A self-learning, self-correcting, LLM-powered harness creation and management system with FAISS-powered RAG, sandboxed execution, and autonomous improvement modes. Powered by Ollama and offline models.

Overview

HarnessHarvester generates executable Python harnesses from natural language task descriptions, executes them in a sandboxed environment, reviews them with multi-faceted LLM judges, and repairs failures using branching strategies. It includes two autonomous modes: autolearn (continuous discovery loop) and autoimprove (iterative enhancement of existing harnesses). This concept is designed to be an offline first harness/scaffolding builder where you get the harness instead of some remote api.

tl;dr: You give it a task -> it makes a python "harness" to do the task -> it runs the harness with some safety attempted (but you never know so probably run in a container to be safer) -> it reviews how well it did -> if it failed, it tries to fix itself -> successful harnesses get stored in a knowledge base for future generations to learn from -> final deliverables can be found in the ./HH/sandbox/ directory.


Usually the normal process is:

  1. You run "Write a function that implements binary search on a sorted array"`
  2. Some frontend sends it off to some witchcraft in the backend (which happens to most likely be an agentic harness) and after it is completed
  3. you get the deliverable, but do not get the harness.

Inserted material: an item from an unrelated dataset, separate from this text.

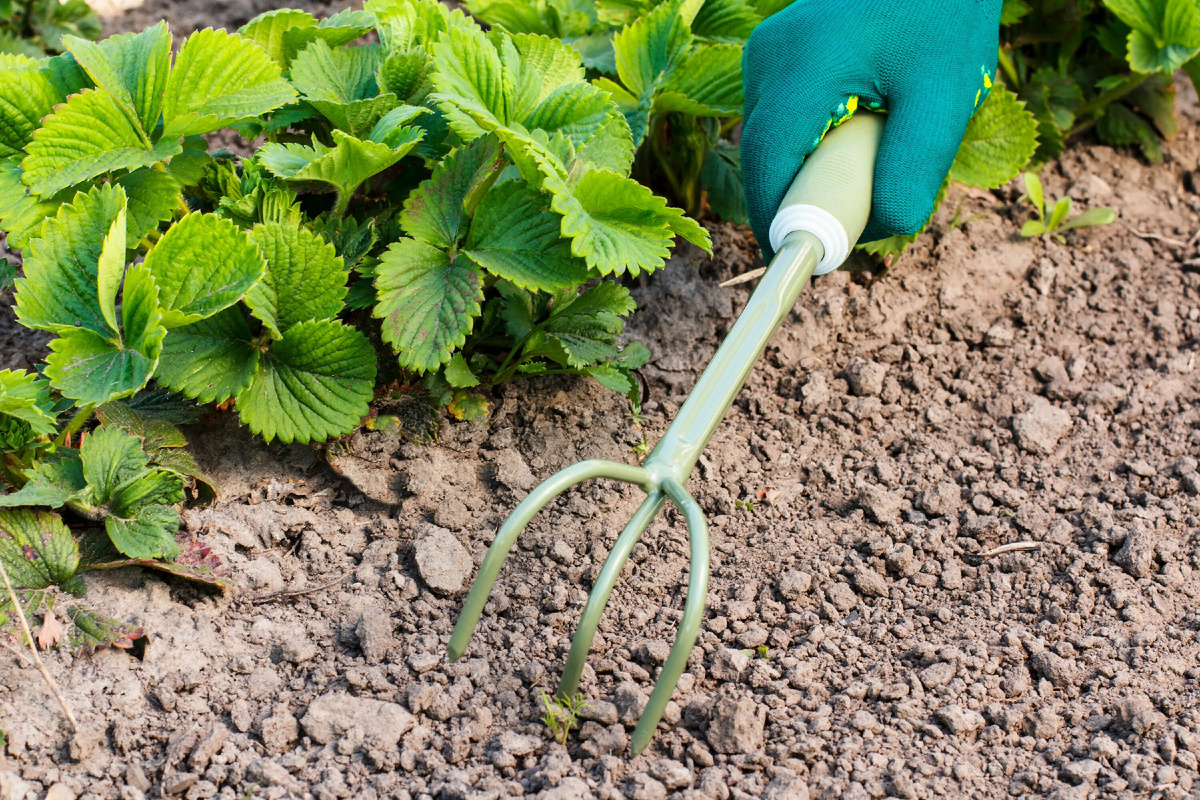 Старайтесь рыхлить только по влажной почве, после полива, аккуратно,  не задевая корней.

That's what this project is about. You get the harness (the agentic code), and the deliverable (the output of the agentic code).

Who knows what kind of potential one might have with different models and different tasks.

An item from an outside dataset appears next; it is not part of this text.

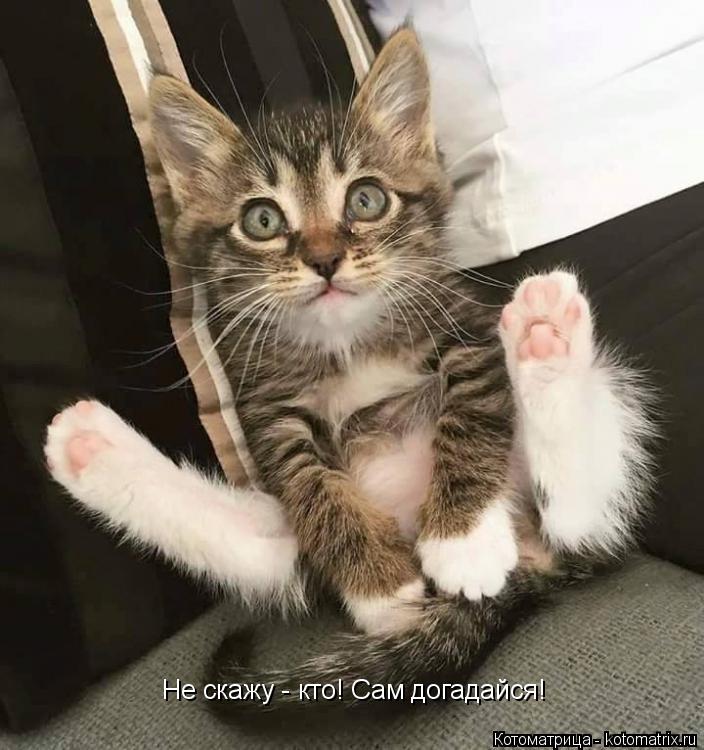 Не скажу - кто! Сам догадайся!... Котоматрица: Не скажу - кто! Сам догадайся!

Try it out. Run python main.py full "Create a text file analyzer that counts words, sentences, and paragraphs" to run the full pipeline (generate → execute → review → repair) in one command.

Architecture

HH/
├── main.py                  # CLI entry point
├── config.json              # System configuration
├── _new_ollama.py           # Ollama API wrapper (provided)
├── core/                    # Core infrastructure
│   ├── constants.py         # All system constants
│   ├── config.py            # Thread-safe configuration manager
│   ├── storage.py           # Atomic file I/O with locking
│   ├── logging_setup.py     # Rotating log setup
│   └── utils.py             # LLM wrapper, code extraction, JSON parsing
├── rag/                     # FAISS-powered RAG system
│   ├── embeddings.py        # TF-IDF vectorizer + BM25 scorer
│   ├── engine.py            # FAISS vector index + hybrid search engine
│   ├── ranking.py           # Weighted fusion ranking with MMR diversity
│   ├── snippets.py          # Code snippet store
│   ├── errors.py            # Error pattern store
│   ├── prompts.py           # Prompt template store
│   ├── management.py        # Unified RAG manager
│   └── api.py               # HTTP REST API for RAG (port 8420)
├── harness/                 # Harness management
│   ├── models.py            # Data models (metadata, versions, reviews, etc.)
│   ├── orchestrator.py      # Cognitive workflow with stage-gated permissions
│   ├── generator.py         # LLM-based code generation
│   ├── executor.py          # Sandboxed subprocess execution
│   ├── reviewer.py          # Multi-faceted LLM review system
│   ├── repairer.py          # Self-repair with branching strategy
│   └── runtime.py           # Agentic runtime base class
├── modes/                   # Autonomous modes
│   ├── autolearn.py         # Continuous discovery loop
│   └── autoimprove.py       # Iterative harness enhancement
├── TESTS/                   # Test suite (34 tests)
│   └── test_all.py
├── db/                      # Flat-file database
│   ├── harnesses/           # Generated harness storage
│   ├── rag/                 # RAG indexes and entries
│   │   ├── snippets/
│   │   ├── errors/
│   │   └── prompts/
│   ├── metrics/             # Performance metrics
│   └── autolearn/sessions/  # Autolearn session state
├── sandbox/                 # Sandboxed execution directory
├── api/                     # API package
├── logs/                    # Log files
└── projects/                # Project deliverables

Requirements

  • Python 3.10+
  • Ollama (running locally on port 11434)
  • faiss-cpu + numpy
  • json-repair
  • requests

Setup

# install dependencies:
pip install faiss-cpu numpy json-repair requests

Ollama Models

Configure models in config.json. Defaults:

Role Model Context
Judge hf.co/g023/Qwen3-1.77B-g023-GGUF:Q8_0 40,000
Reasoner qwen3.5:2b 240,000
Generator qwen3.5:4b-q4_K_M 32,000

Usage

Generate a Harness

python main.py harvest "Write a function that implements binary search on a sorted array"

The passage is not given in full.